Q=A*sqrt(b(H-h(t)) And we have dh/dt =Q/S (conservation equation) and we have to obtain h/H = 1-(1-t/te)^2 with te= (2S/A*)(H/b)^1/2

Problem Statement: I am having trouble deriving the expression from the initial equations. (Calculate the emptying time considering Volume conservation)
Relevant Equations: Q=A*sqrt(b(H-h(t)) And we have dh/dt =Q/S (conservation equation) and we have to obtain h/H = 1-(1-t/te)^2 with te= (2S/A*)(H/b)^1/2

I know this is solving a 1st order ODE but I am lost at rearranging prior to solving.
This is not to be submitted, I am revising for an exam)
Thanks for your help
J

 

[Chestermiller]

Can you please provide the exact word-for-word statement of this problem?

 

[tjholi]

Can you please provide the exact word-for-word statement of this problem?
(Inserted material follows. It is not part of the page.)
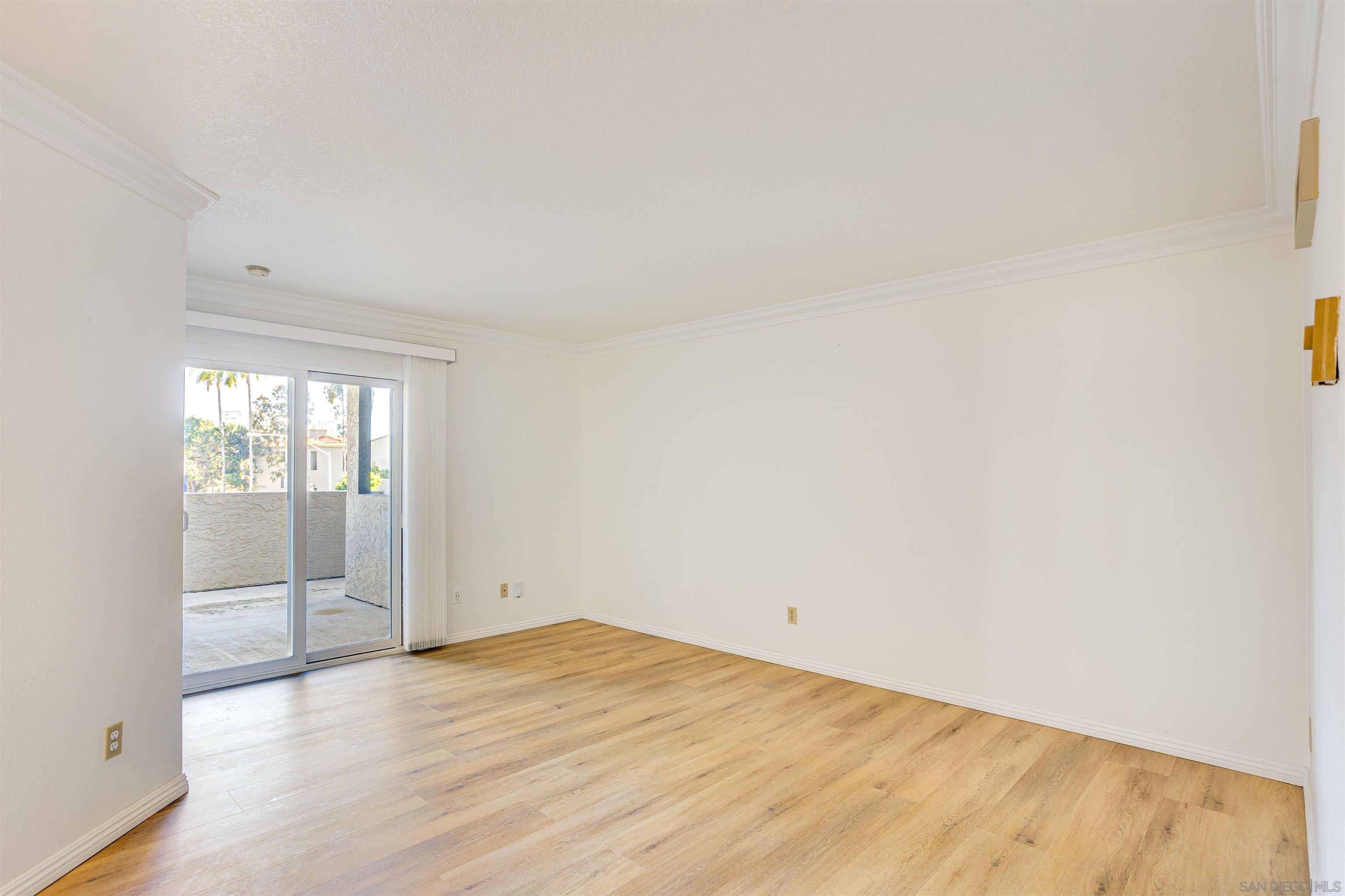 Detail Gallery Image 8 of 45 For 7565  Charmant Dr  507, San Diego,  CA 92122 - 2 Beds | 2 Baths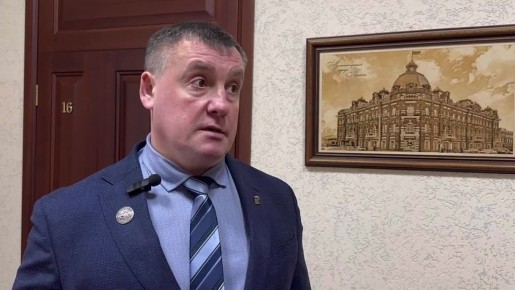 Александр Копанчук рассказал, что еще со школьной скамьи начал трудиться на благо общества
Hey : "To Calculate the emptying time consider volume conservation"

 

[Chestermiller]

Hey : "To Calculate the emptying time consider volume conservation"

Hey, where does buoyancy come in?

 

[tjholi]

Hey, where does buoyancy come in?

Hey Chestermiller, Buoyancy is assumed as it is a model of simplified Displacement ventilation with associated volume flux Q=A*sqrt(b(H-h(t)) with A*being a constant related to the size of the openings.
Thanks